Grier Johnson - Author
Chuck McIntyre - Concept

Goals

  1. Functional Configuration Management
  2. Saves Time
  3. Minimizes Admin Intervention on Failure
  4. Modular Design that is Language Agnostic
  5. OS Neutral
  6. Easy to Manage Backend
  7. Role/Class Based Controls
  8. Ability to Initiate Configuration Retrieval
  9. Passive Configuration Server
  10. Host Specific Controls/Overrides
  11. Trackable and Reversible Changes
  12. Check-in Monitoring/Alerting

Definitions

  • Functional Configuration Management - A system that provides Functional Configuration Management is a system that allows for changes to be made in as few places as possible with as little work as possible. Ideally with the system would allow an admin to never have to log into a remote host to make configuration changes.
  • Save Time - Save Time means just that, if something saves time it should take less time to do it the time saving way then to do it any other way. Ideally it should be MUCH faster to do it the time saving way.
  • Minimize Admin Intervention - Something that minimizes admin failure means that an admin should have to do only those jobs that absolutely require a human to do them. For example if a problem can be fixed by restarting a process, the system should restart the process on its own.
  • Modular - A system that is modular means that each piece knows what to send to another piece and what it should receive from another piece but it shouldn't be tied to that piece by language, OS, or anything other then a standardized protocol or API.
  • Language Agnostic - A system that is Language Agnostic means that each piece of the system could be written in an entirely different language assuming the language can functionally perform as that part of the system. See: Modular
  • OS Agnostic - The system should run on any system or at least as wide a range of systems as possible. For the scope of this design we're concentrating on Unix and Unix-like OSes.
  • Role Based Controls - Role Based Controls mean the system should support arbitrary roles assigned to servers. Roles should be able to be added at any given time to the configuration data source without change to the configuration management scripts.
  • Initiation of Configuration Retrieval - This just means that the system should have some method of allowing an admin to force the box to restart it's configuration process and pull the newest binaries/scripts. This, by it's nature, should be an automated process that effects as many servers as necessary with one command or one iteration of a series of commands.
  • Passive Configuration Server - A system with a passive server means that clients are not dependent on the server. They should gracefully handle the central server not being available.
  • Host Overrides - A system with host overrides means an individual host can be configured differently then all other hosts even though it may belong to a role. Host overrides can and should be limited to one-off configurations and should work with role, domain, and OS configurations whenever possible.
  • Trackable Change - A system with trackable changes means there should be some sort of way of seeing what changes were added and when.
  • Reversible Changes - A system with reversible changes should allow for new changes to be rolled back to historical old changes. See: Trackable Changes.
  • Check-in Alerting - A system with Check-In Alerting keeps track of the clients that have checked in and if those clients stop checking in for a period longer then a configurable threshold, it should alert in some manner. Check-in alerting must have some method to disable alerting for a host that has been decommissioned or will not be checking in for an extended period of time.
  • Background

    Currently there is no configuration management to speak of for our production data center. Simple things like changing the root password would require an admin to touch dozens of servers and manually type "passwd root" on each one. The same thing applies for local accounts, service configuration, software repositories, etc.

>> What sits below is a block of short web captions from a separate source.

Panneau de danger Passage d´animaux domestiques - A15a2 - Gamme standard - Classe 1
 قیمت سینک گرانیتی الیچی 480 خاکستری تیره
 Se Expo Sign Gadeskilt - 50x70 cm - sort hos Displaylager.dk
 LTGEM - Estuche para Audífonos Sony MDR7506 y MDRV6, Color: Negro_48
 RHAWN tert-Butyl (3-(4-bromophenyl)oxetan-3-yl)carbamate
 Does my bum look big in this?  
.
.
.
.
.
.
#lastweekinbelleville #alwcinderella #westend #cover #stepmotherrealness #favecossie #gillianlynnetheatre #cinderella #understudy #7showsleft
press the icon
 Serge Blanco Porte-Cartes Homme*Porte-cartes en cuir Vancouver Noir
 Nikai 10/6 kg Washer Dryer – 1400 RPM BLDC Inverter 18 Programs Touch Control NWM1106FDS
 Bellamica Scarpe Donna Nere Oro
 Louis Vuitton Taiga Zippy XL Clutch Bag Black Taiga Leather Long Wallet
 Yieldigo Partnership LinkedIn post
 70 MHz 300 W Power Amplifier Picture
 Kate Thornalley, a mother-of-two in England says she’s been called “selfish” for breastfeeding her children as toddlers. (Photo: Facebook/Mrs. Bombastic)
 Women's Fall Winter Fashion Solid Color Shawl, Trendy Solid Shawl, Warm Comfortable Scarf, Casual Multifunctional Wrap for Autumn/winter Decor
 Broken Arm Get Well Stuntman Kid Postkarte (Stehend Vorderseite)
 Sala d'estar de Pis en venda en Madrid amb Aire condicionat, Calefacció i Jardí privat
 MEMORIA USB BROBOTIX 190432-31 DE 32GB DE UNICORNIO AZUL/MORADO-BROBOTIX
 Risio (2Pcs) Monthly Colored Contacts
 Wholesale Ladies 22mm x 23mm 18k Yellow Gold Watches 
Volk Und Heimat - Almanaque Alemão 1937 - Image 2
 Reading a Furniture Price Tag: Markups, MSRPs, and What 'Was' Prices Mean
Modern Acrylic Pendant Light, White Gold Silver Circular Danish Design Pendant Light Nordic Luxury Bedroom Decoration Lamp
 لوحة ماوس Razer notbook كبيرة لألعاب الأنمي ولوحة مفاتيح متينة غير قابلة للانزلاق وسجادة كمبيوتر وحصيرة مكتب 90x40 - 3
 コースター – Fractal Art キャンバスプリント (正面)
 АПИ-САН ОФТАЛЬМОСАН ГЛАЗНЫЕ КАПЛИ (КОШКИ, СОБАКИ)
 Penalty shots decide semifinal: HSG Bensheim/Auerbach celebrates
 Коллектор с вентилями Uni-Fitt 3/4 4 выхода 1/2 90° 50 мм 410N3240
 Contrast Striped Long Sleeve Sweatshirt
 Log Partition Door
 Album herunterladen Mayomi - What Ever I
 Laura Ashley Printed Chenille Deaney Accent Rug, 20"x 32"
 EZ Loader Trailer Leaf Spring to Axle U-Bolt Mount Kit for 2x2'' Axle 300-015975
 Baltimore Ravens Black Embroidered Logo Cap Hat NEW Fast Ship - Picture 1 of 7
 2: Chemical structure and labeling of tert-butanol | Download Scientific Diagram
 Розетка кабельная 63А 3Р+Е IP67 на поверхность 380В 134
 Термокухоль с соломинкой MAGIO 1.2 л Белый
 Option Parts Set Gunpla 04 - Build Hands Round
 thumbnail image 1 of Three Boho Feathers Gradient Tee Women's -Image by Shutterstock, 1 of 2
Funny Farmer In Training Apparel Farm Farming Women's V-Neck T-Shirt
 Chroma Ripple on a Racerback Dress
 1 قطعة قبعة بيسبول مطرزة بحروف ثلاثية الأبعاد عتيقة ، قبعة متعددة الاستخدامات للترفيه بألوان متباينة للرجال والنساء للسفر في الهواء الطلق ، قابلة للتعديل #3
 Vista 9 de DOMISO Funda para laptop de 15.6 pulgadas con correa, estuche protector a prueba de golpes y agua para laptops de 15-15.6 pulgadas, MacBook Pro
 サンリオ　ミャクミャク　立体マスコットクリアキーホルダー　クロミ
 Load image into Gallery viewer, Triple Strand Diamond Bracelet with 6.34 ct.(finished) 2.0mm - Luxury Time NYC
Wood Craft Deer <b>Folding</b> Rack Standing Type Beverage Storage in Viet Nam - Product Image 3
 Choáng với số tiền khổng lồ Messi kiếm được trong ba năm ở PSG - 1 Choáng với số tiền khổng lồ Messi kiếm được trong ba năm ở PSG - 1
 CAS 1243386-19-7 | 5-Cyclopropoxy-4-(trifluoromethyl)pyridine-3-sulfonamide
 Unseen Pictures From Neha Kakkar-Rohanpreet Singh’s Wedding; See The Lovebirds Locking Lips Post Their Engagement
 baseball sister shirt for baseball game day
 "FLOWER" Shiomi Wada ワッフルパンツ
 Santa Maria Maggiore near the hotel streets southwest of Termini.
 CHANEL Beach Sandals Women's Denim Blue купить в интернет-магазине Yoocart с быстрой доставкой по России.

    Along with the vast amounts of time required to make changes in this fashion manual changes open up the possibility of typos and servers that don't get updated. A production environment without this sort of configuration management requires and army of admins to make changes and clean up the mistakes made during those changes.

    Justification

    The only reasonable competitor in the configuration management space we could be expected to use would be cfengine. Unfortunately cfengine requires an admin team to learn a special "policy" language and limits configuration management to that policy language. What we hope to do with our configuration management is make a modular language that can accept plug-ins from any language from shell to C++ assuming they conform to the API.

    So instead of making people become rigidly tied to a special language we want to make something that can adapt to the infrastructure environment instead of the other way around. The learning curve on a modular setup would be very low, as long as a person knew ONE scripting/programming language they'd be able to write customized plug-ins.

    In addition to that FLACM will start simple and allow for more complicated actions to be performed on an as-needed basis. An admin team could get a useful level of functionality out of a base FLACM install by only using flat files with no scripting.

    Design Detail

    The configuration management software will be a multiphase setup that takes inspiration from computer boot strapping. Each phase will get progressively more complicated until the system runs out of phases. The basic flow of the configuration management software looks like this:

    The details of this design can be broken into discussing the different phases of the configuration management itself and the toolkit that will be provided with FLACM to help deal with things like the bootstrap script deployment and FLACM log monitoring.

    Bootstrap Phase

    The bootstrap script is necessarily simple. The bootstrap code is written in Bourne shell for maximum compatibility. It will run from init (when available, in cron elsewhere) and kick off a while loop that attempts to download the OS Initialization script from a hard-coded location. Upon failure the while loop tries again. Upon success the OS Initialization phase is run with exec.

    Pseudo-code
    #!/bin/sh
    PATH=$PATH:/usr/bin:/usr/sfw/bin
    
    while (true)
    do
      # Linux and New Solaris
      if [ -e /usr/bin/wget || -e /usr/sfw/bin/wget ]
        if [ ! -e /space/flacm ]
          mkdir -p /space/flacm
        elsif [ ! -d /space/flacm ]
          rm -rf /space/flacm
          mkdir -p /space/flacm
        fi
        cd /space/flacm
        wget http://url/to/script
      fi
      if [ $? != 0 ]
        exec /space/flacm/script
      else
        sleep 300
      fi
    done
    

    Phase 1 - OS Initialization Phase

    The bootstrap code executes the "Phase 1" script which gathers a limited amount of OS data and uses that to determine where to grab either the Environmental Initialization (Phase 2) script or the Configuration/Execution (Phase 3) script.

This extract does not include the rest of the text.